■ Work item
Exactly as they appear below, repeat the lines from the one with "Fjallraven Kånken Art" through the one with "Wiseco Wiseco Chevy". Drop every picture.

■ Excerpted records
----
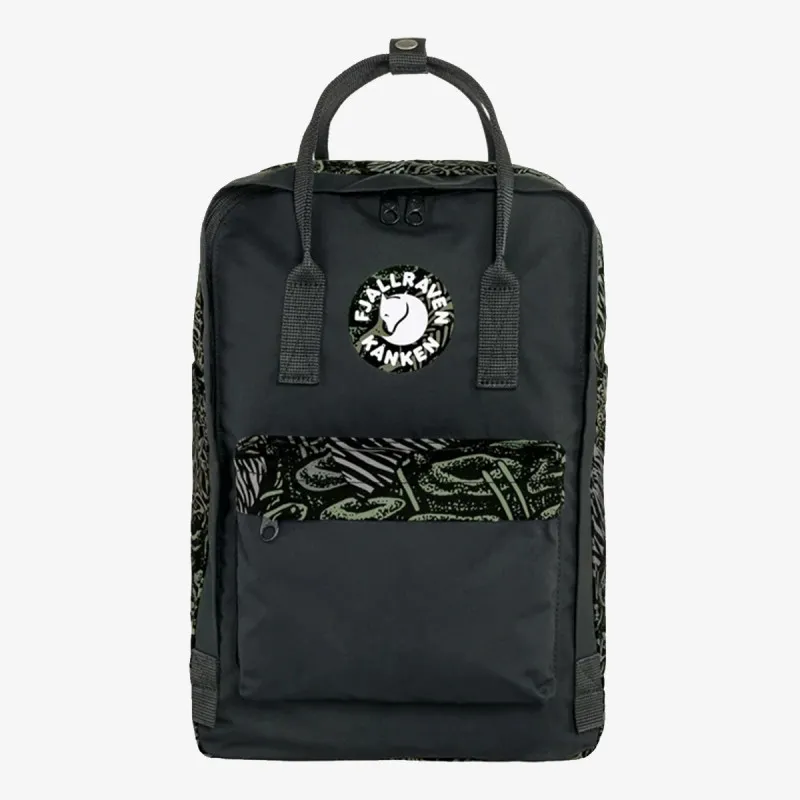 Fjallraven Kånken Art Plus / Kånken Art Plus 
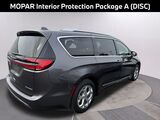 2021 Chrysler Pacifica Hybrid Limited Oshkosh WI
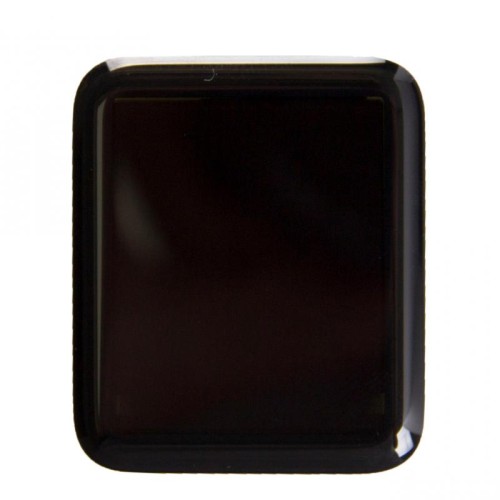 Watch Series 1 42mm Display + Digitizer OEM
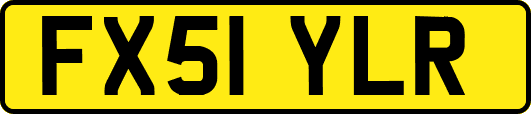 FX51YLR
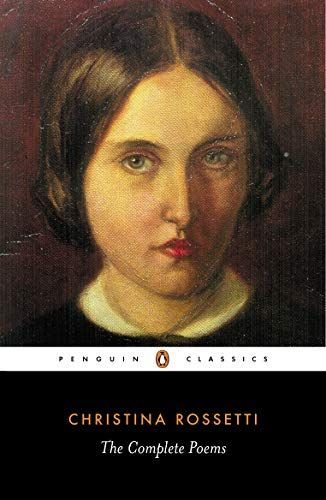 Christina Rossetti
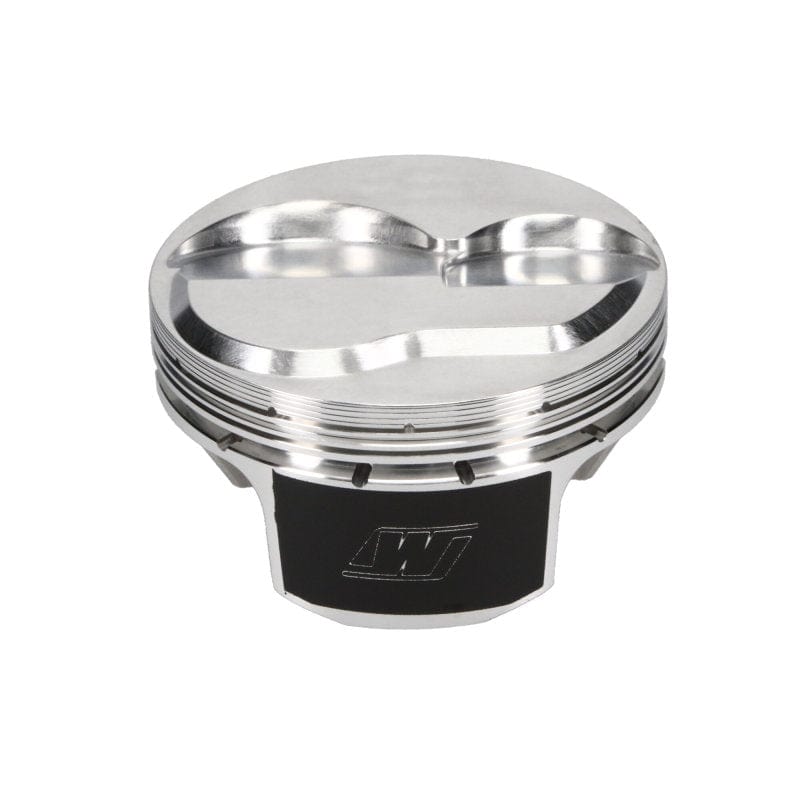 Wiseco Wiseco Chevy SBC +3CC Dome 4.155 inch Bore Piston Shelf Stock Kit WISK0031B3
----
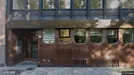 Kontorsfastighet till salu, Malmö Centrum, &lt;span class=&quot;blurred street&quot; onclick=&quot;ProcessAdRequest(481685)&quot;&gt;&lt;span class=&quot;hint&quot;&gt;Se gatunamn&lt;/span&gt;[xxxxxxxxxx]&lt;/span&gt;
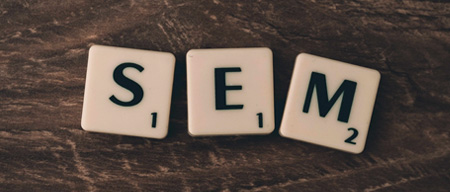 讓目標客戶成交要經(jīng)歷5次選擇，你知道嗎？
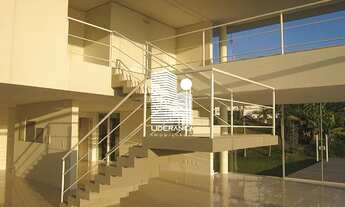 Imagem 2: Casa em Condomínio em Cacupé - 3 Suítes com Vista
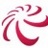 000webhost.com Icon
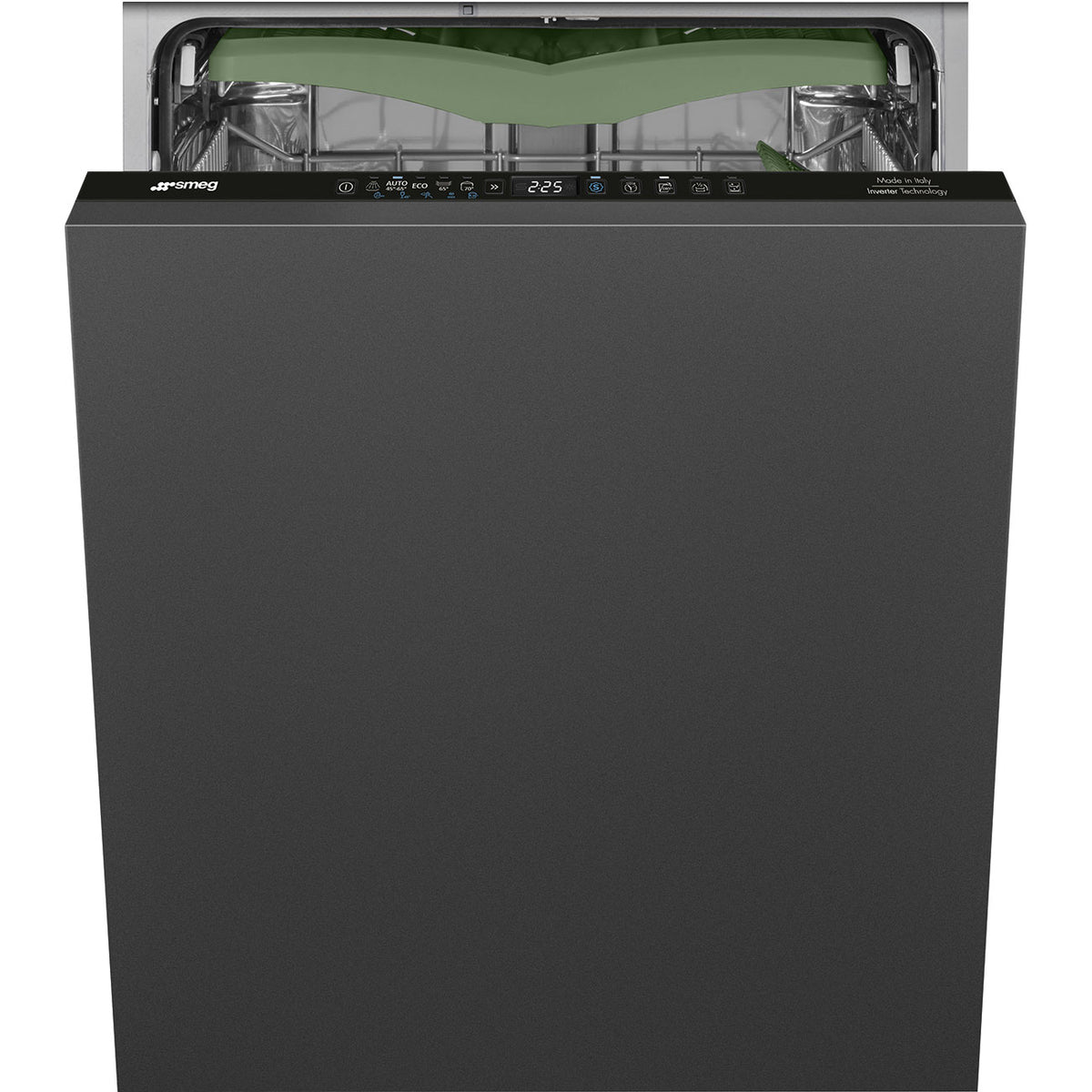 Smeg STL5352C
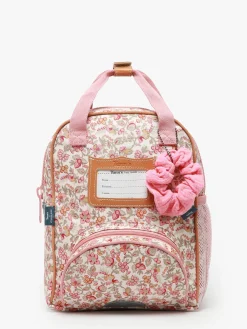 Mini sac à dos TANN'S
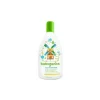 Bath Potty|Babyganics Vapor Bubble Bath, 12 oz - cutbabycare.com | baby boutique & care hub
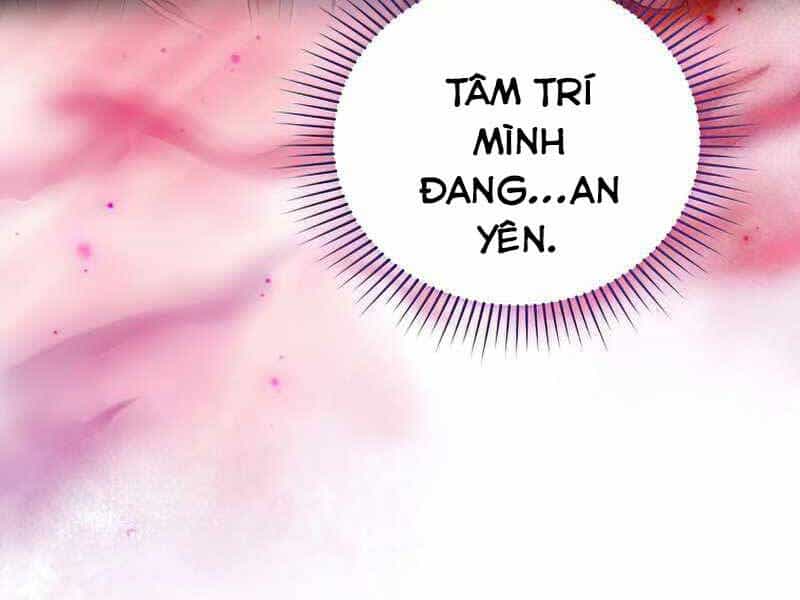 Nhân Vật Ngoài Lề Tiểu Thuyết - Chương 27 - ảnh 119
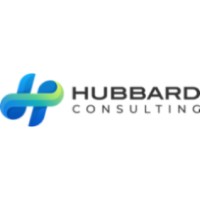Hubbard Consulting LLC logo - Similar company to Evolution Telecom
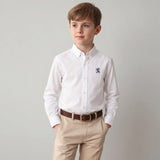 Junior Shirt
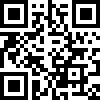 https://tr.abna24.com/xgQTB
----
■ Solution to the problem
 Fjallraven Kånken Art Plus / Kånken Art Plus 
 2021 Chrysler Pacifica Hybrid Limited Oshkosh WI
 Watch Series 1 42mm Display + Digitizer OEM
 FX51YLR
 Christina Rossetti
 Wiseco Wiseco Chevy SBC +3CC Dome 4.155 inch Bore Piston Shelf Stock Kit WISK0031B3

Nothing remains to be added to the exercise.